Volta's "pile" immediately intrigued scientists across Europe and America, none more so than Sir Humphry Davy—creator of one of the first miners' safety lamps—who, at the beginning of the nineteenth century, held a post as chemist at the Royal Institut
ion in London. Davy worked at refining Volta's pile and eventually had large batteries built in the basement of the institution's laboratory. He carried out a series of experiments with them, including demonstrations of the first electric lights. In 1802 he succeeded in making a platinum filament glow, if only momentarily, by infusing it with electric current. Then in 1809, with the aid of the largest battery yet—consisting of two thousand pairs of plates—he demonstrated the first lasting electric light, the voltaic arc. He passed a current through a charcoal stick, which served as a conductor of electricity; then he touched another charcoal stick to the first, and a spark jumped from the first to the second. As he pulled them apart, an arc of brilliant blue-white light leapt across the heated air between them. But light wasn't created by the arc alone; the carbons glowed incandescently.

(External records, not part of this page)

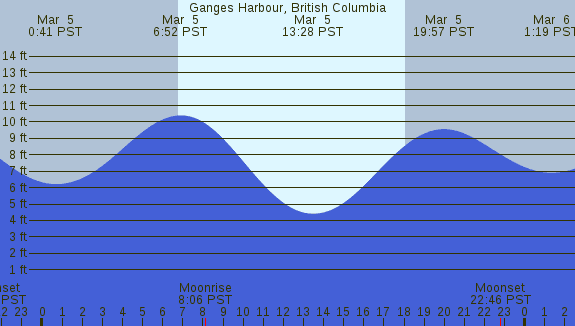 PNG Tide Plot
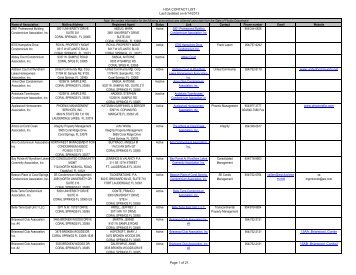 HOA CONTACT LIST Last Updated on 6/14/2013 Name of ...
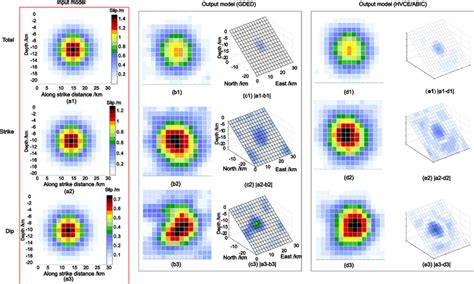 Slip Distribution Inversion Results Obtained Of The Simulation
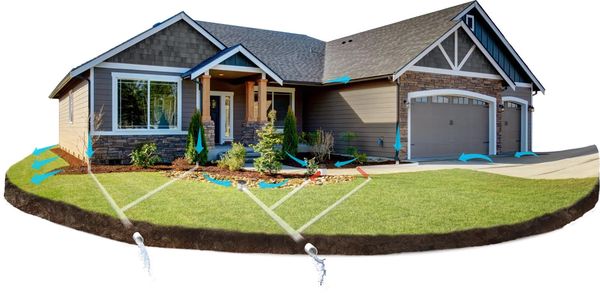 Idaho Drainage Solutions Logo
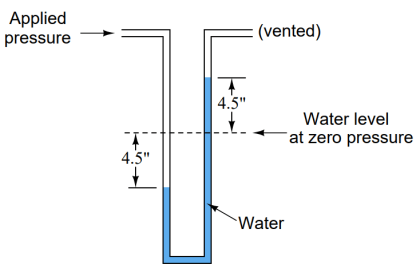 U-tube Water Manometer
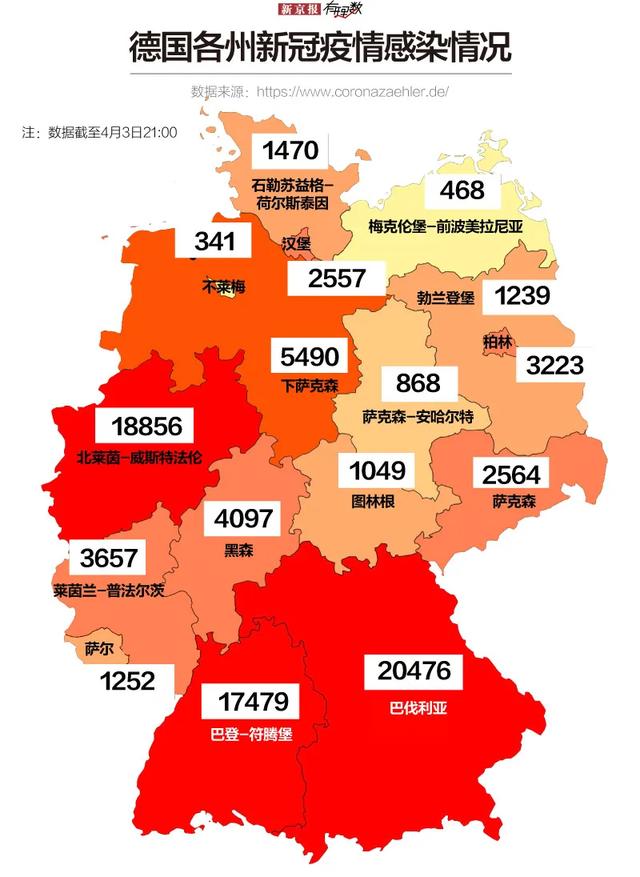 疫情严重但病死率很低德国是怎么做到的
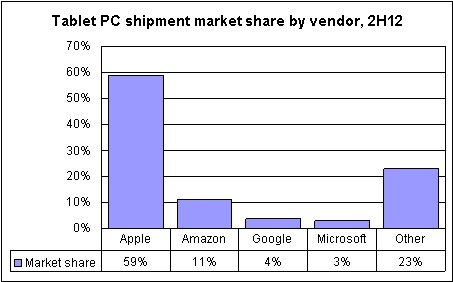 PC mart vendors 2H12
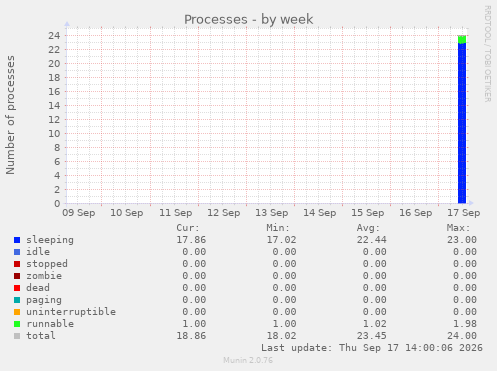 Processes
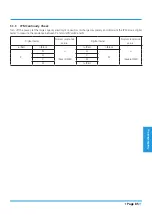 Preview for 89 page of Midea MISSION2 3D INVERTER Series Service Manual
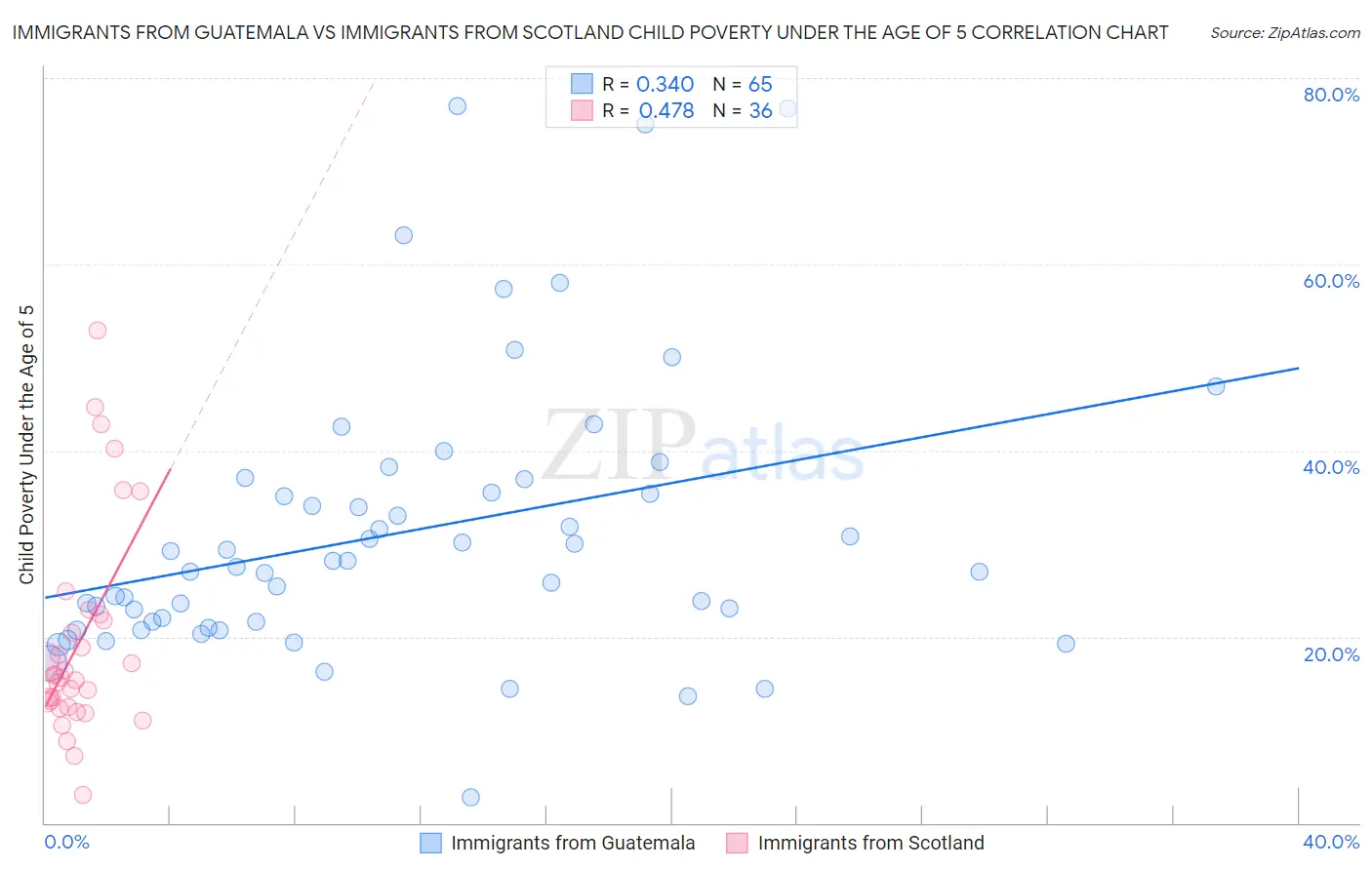 Immigrants from Guatemala vs Immigrants from Scotland Child Poverty Under the Age of 5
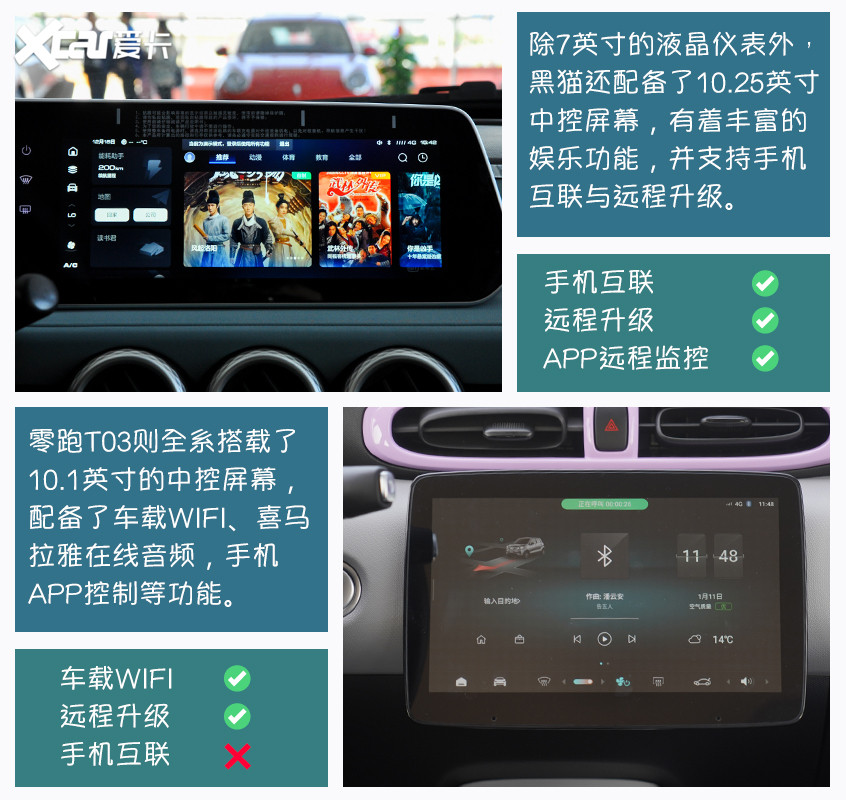 歐拉黑貓對(duì)比零跑T03 低門(mén)檻代步車(chē)應(yīng)該怎么選？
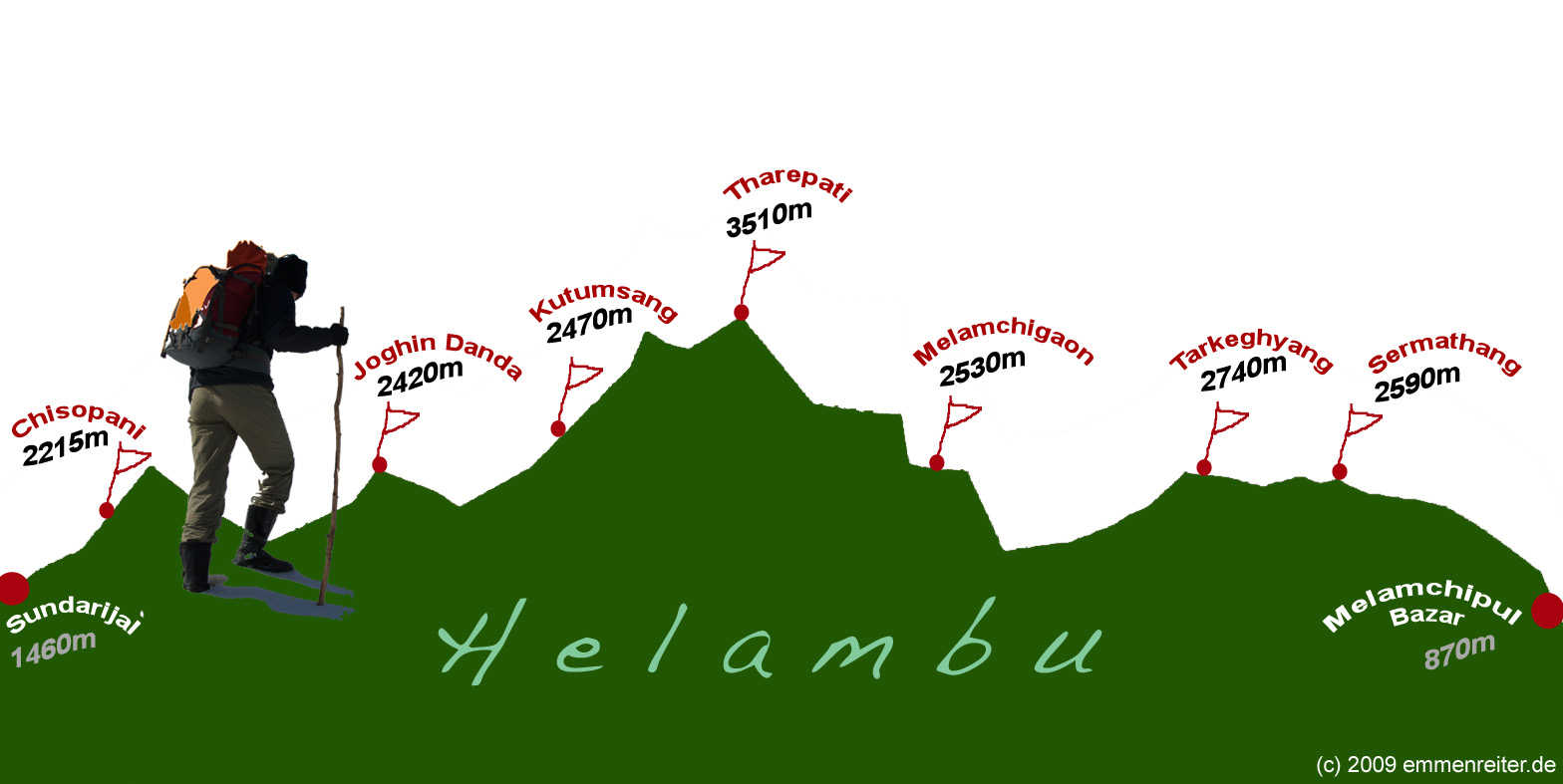 Helambu-Trek
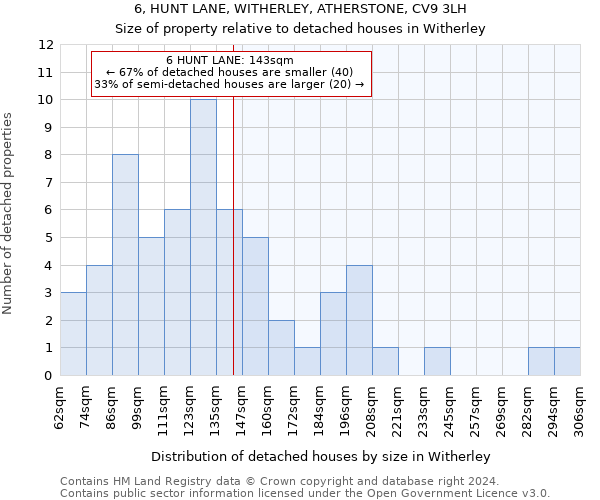 6, HUNT LANE, WITHERLEY, ATHERSTONE, CV9 3LH: Size of property relative to detached houses in Witherley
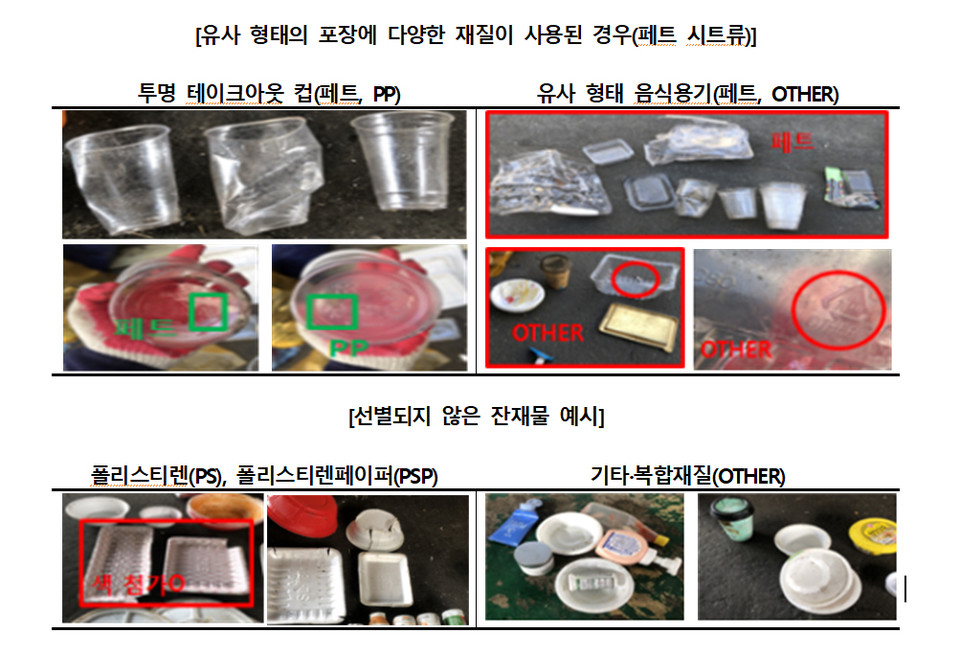 자료=한국소비자원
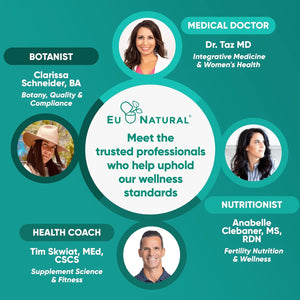 Thrive Energy Support - Naturally Fight Fatigue, Balance Hormones, Promote Focused Energy - Zinc, Selenium, Iodine - 60 Vegetarian Soft Capsules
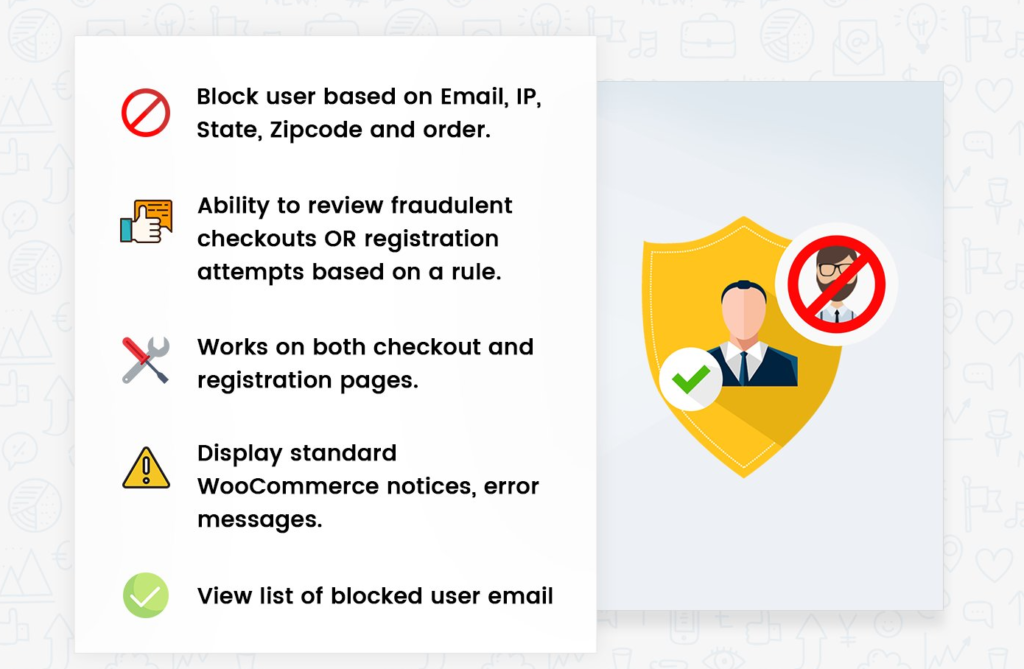 WooCommerce Anti-fraud Plugin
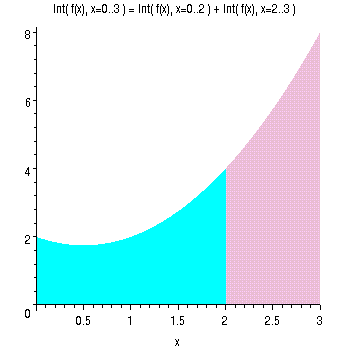 [Maple Plot]
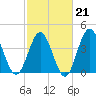 Myrtle Beach tide chart for Saturday, February 21, 2026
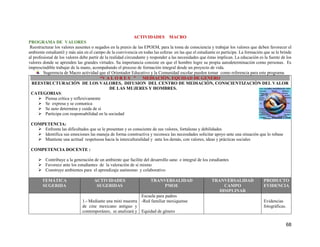68
ACTIVIDADES MACRO
PROGRAMA DE VALORES
Reestructurar los valores ausentes o negados en la praxis de las EPOEM, para la toma de consciencia y trabajar los valores que deben favorecer el
ambiente estudiantil y más aún en el campo de la convivencia en todas las esferas en las que el estudiante es participe. La formación que se le brinde
al profesional de los valores debe partir de la realidad circundante y responder a las necesidades que éstas implican. La educación es la fuente de los
valores donde se aprenden las grandes virtudes. Su importancia consiste en que el hombre logre su propia autodeterminación como personas. Es
imprescindible trabajar de la mano, acompañando el proceso de formación integral desde un proyecto de vida.
Sugerencia de Macro actividad que el Orientador Educativo y la Comunidad escolar pueden tomar como referencia para este programa
“V A L O R E S ” MEDIACIÒN. EQUIDAD DE GENERO
REESTRUCTURACIÓN DE LOS VALORES, DIFUSION DEL CENTRO DE MEDIACIÒN, CONSCIENTIZACIÒN DEL VALOR
DE LAS MUJERES Y HOMBRES.
CATEGORIAS:
 Piensa crítica y reflexivamente
 Se expresa y se comunica
 Se auto determina y cuida de si
 Participa con responsabilidad en la sociedad
COMPETENCIA:
 Enfrenta las dificultades que se le presentan y es consciente de sus valores, fortalezas y debilidades
 Identifica sus emociones las maneja de forma constructiva y reconoce las necesidades solicitar apoyo ante una situación que lo rebase
 Mantiene una actitud respetuosa hacia la interculturalidad y ante los demás, con valores, ideas y prácticas sociales
COMPETENCIA DOCENTE :
 Contribuye a la generación de un ambiente que facilite del desarrollo sano e integral de los estudiantes
 Favorece ante los estudiantes de la valoración de sí mismo
 Construye ambientes para el aprendizaje autónomo y colaborativo
TEMÁTICA
SUGERIDA
ACTIVIDADES
SUGERIDAS
TRANVERSALIDAD
PMOE
TRANVERSALIDAD
CAMPO
DISIPLINAR
PRODUCTO
EVIDENCIA
1.- Mediante una mini muestra
de cine mexicano antiguo y
contemporáneo, se analizará y
Escuela para padres
-Red familiar mexiquense
Equidad de género
Evidencias
fotográficas.
 
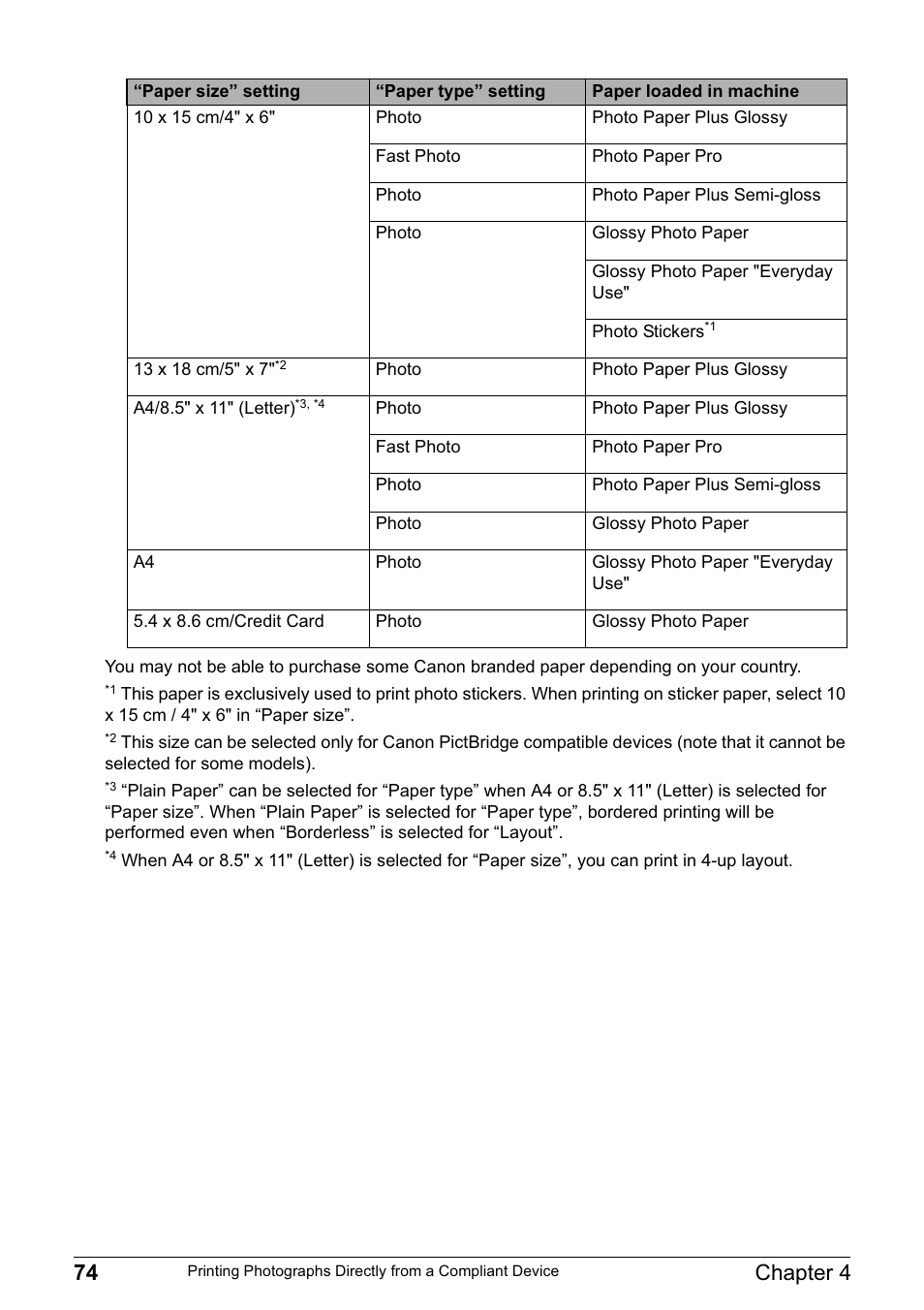 74 chapter 4 | Canon PIXMA MP830 User Manual | Page 76 / 222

Davy never took the voltaic arc beyond the demonstration stage—an enduring, practical electric light was still many decades away, for considerable problems had to be overcome. Not only did Davy's charcoal electrodes burn quickly and unevenly, but as the carbons burned down and the gap between them widened, the light sputtered, then failed. Scientists had to develop electrodes that would burn slowly and steadily, at a constant distance from each other. The greater challenge, however, lay in producing a more enduring power system than the batteries of the day, and widespread arc lighting would depend on a reliable electric generator, or dynamo, as it was commonly called. That would not arrive until well after 1831, the year Michael Faraday established the principle of electromagnetic induction.